O português surgiu por volta do século XII (embora haja documentos de duzendos anos antes) a partir da evolução do latim vulgar na Península Ibérica, com contaminações de termos celtas, visigóticos e árabes. No começo, era chamado de “galego-português” porque a fala e a escrita apareceram no norte de Portugal, na fronteira com a Galícia. As poesias palaciana, de amigo e de escárnio e maldizer foram criadas e publicadas antes mesmo da consolidação de idiomas como espanhol, italiano, alemão e... inglês. Língua venerável, o português. Um idioma imperial do século XVI. Por isso, bonita como uma caravela engalanada, clara e solar como as igrejas góticas de Lisboa.

Amo os meios-tons que suas vogais contêm, aparentadas francês. É um grande prazer remexer no léxico riquíssimo do idioma, brincar com a possibilidade que ele oferece de alongar as frases quase ao infinito, pois o português flui como uma plácida corrente de rio. Adoro certas palavras que não constam de línguas irmãs, como a (quase) intraduzível “saudade”, ou aquelas que existem em outras, que ganham um sabor delicado no vernáculo, como “brisa”, “maçã” e “paixão”. Os ecos artísticos são grandes. Eu sei que blueberry consta de um belo filme de Wong Kar-Wai. Trata-se deMy blueberry nights, traduzido em português pelo título pedestre Beijo roubado em vez de “Minhas noites de mirtilo”. Blueberry é uma palavra que a gente amassa com dois dedos. Mirtilo, não. O vocábulo está em Camões e Petrarca, que, por sua vez, beberam na fonte de Horácio e Virgílio. Mirtilo evoca pastores do Parnaso e da Serra da Estrela. É antigo e lírico, como o português.
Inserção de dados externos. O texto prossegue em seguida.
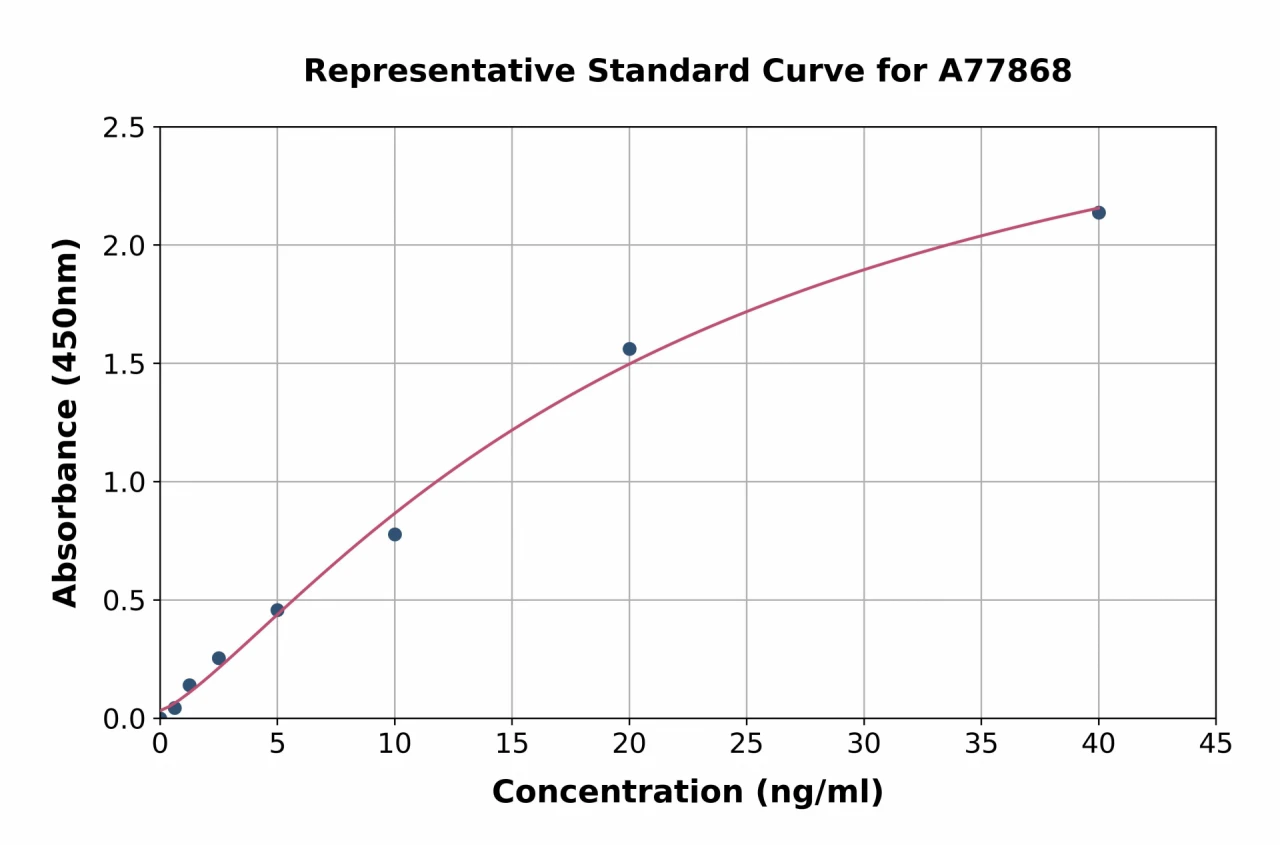 Human CERK ELISA Kit (A77868-96)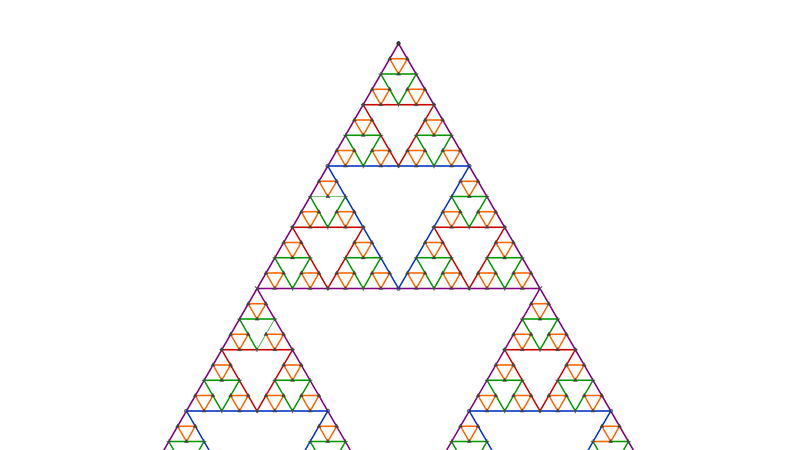Preview of Sierpinski Triangle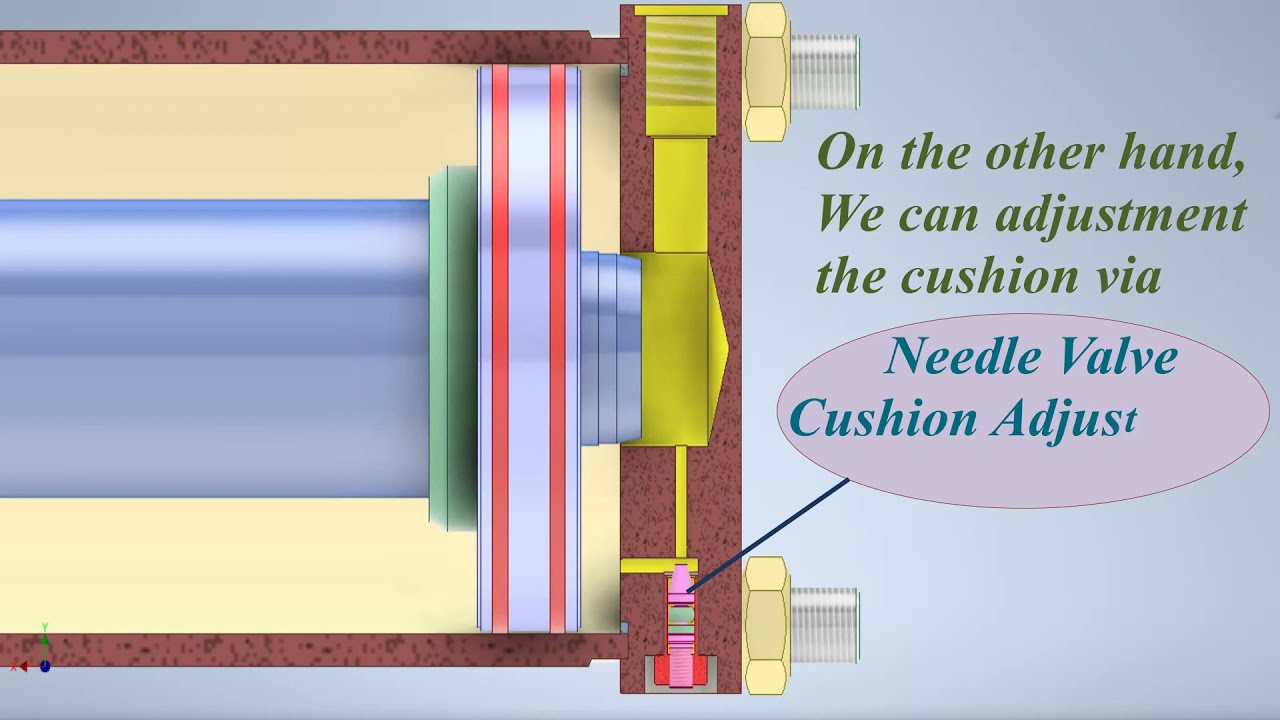 Part 2:Cushioning at Hydraulic Cylinder-Mechanisms- How it works ميكانيزم تخميد سرعة سلندر هيدروليكى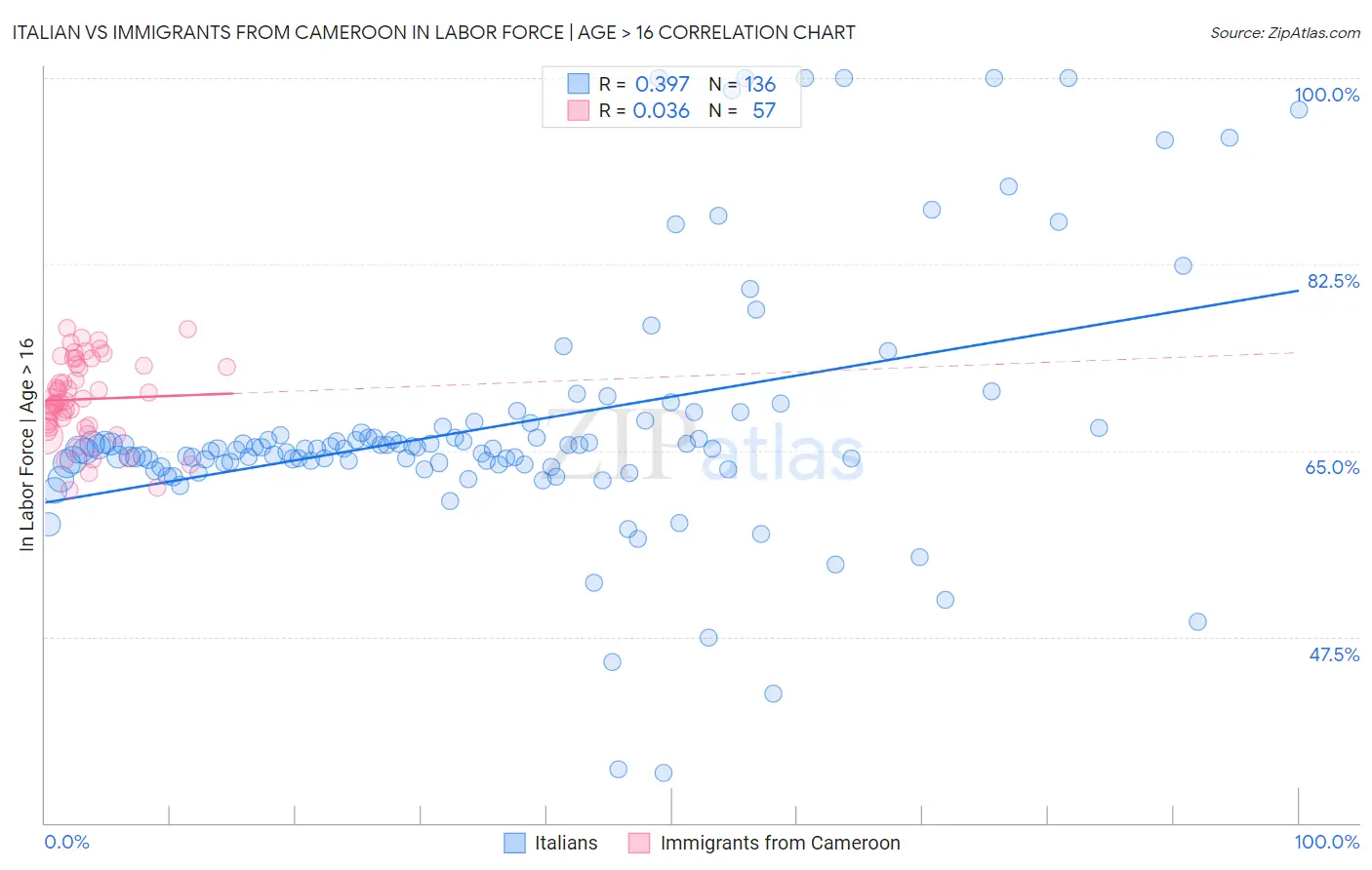 Italian vs Immigrants from Cameroon In Labor Force | Age > 16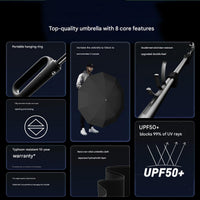 Typhoon Resistant Umbrella UPF 50+ - Sun Protection Clothing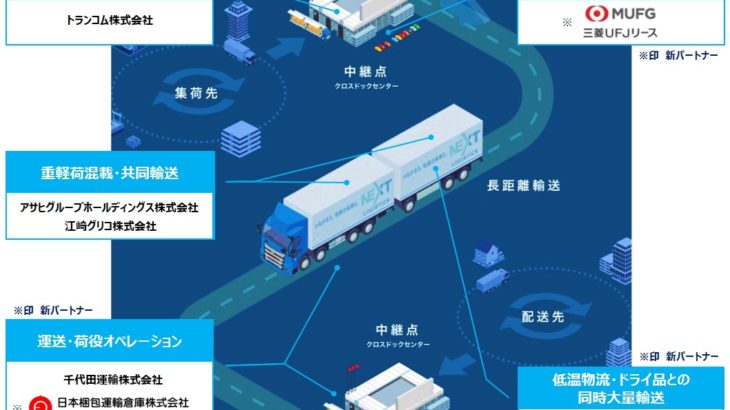日野自子会社などの新幹線輸送サービス、ニチレイロジや日本梱包運輸倉庫、三菱UFJリースが新たに参加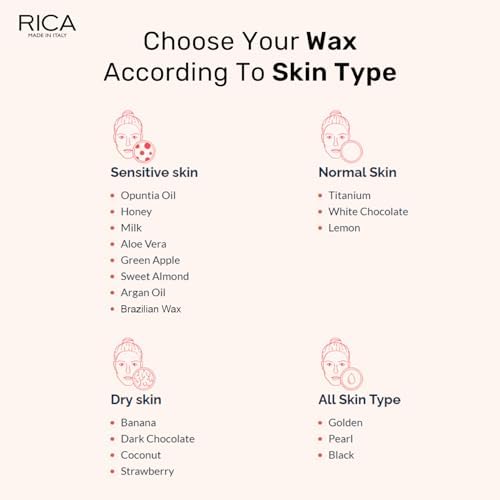 Rica White Chocolate Roll-On Wax Kit (4 Refills, 100 ML) - Made in Italy - Image 8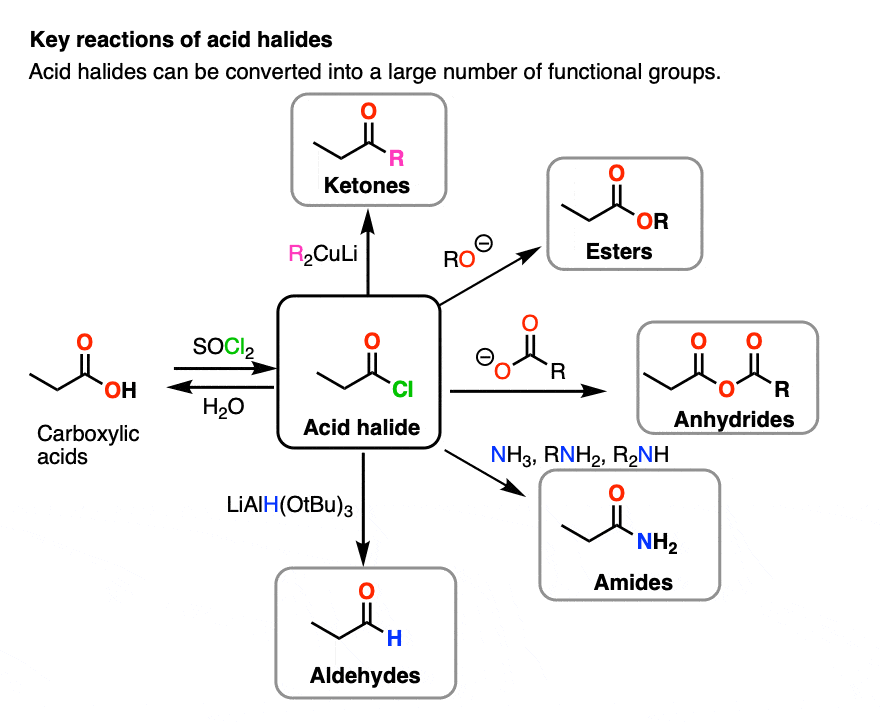 socl2 mechanism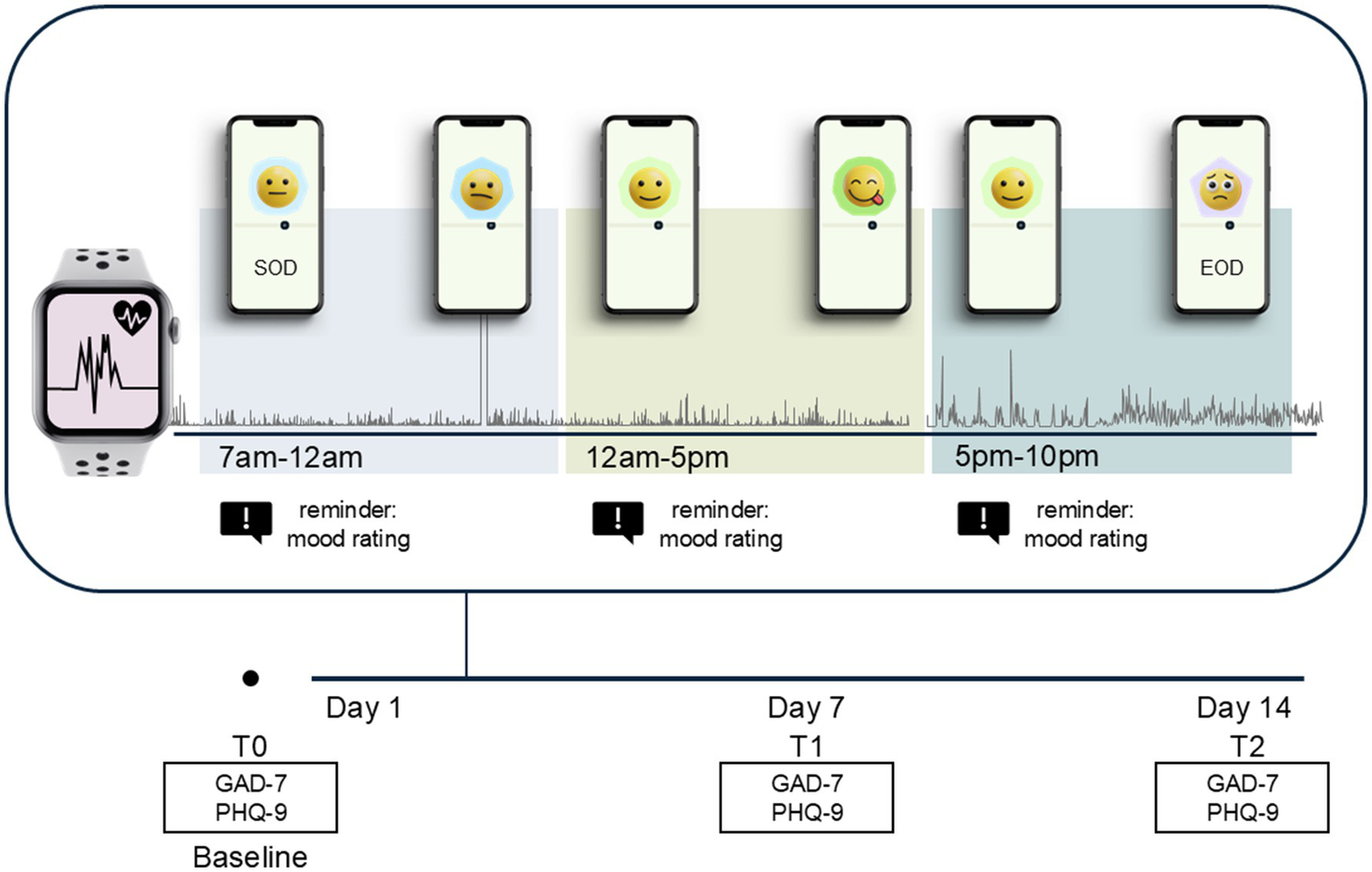 Flowchart depicting a mood and health tracking schedule using smartphones and a smartwatch from Day 1 to Day 14. The timeline is divided into periods: 7 AM-12 PM, 12 PM-5 PM, and 5 PM-10 PM, with mood rating reminders shown by emoji faces on phones. The smartwatch records heart rate throughout. GAD-7 and PHQ-9 assessments are scheduled at Baseline, Day 7, and Day 14.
Por isso, podem vir com seu temível bullying contra a língua portuguesa, que estarei a postos para toureá-lo, apagá-lo e substituí-lo pelo castiço verbo agredir. Que mais “geleias de blueberry” arremetam contra mim, que as receberei com meu poderoso corretor. Não sou besta. Sei que as línguas são dinâmicas e abertas a influências externas. São organismos vivos. Mas daí a se render totalmente à ignorância dos próprios recursos, de seu thesaurus, vai um abismo. Os tão festejados e pouco praticados “laços lusófonos” só têm ajudado a apagar a delicada língua de Camões das areias da cultura. Parece que quase ninguém está disposto a preservar o que quer que seja, quanto mais suas referências espirituais. Restam alguns poucos Quaresmas neste país. Mas se eu for o último homem em pé para proteger o idioma, pelo menos terei orgulho do que deixei de realizar, mas ao menos tentei.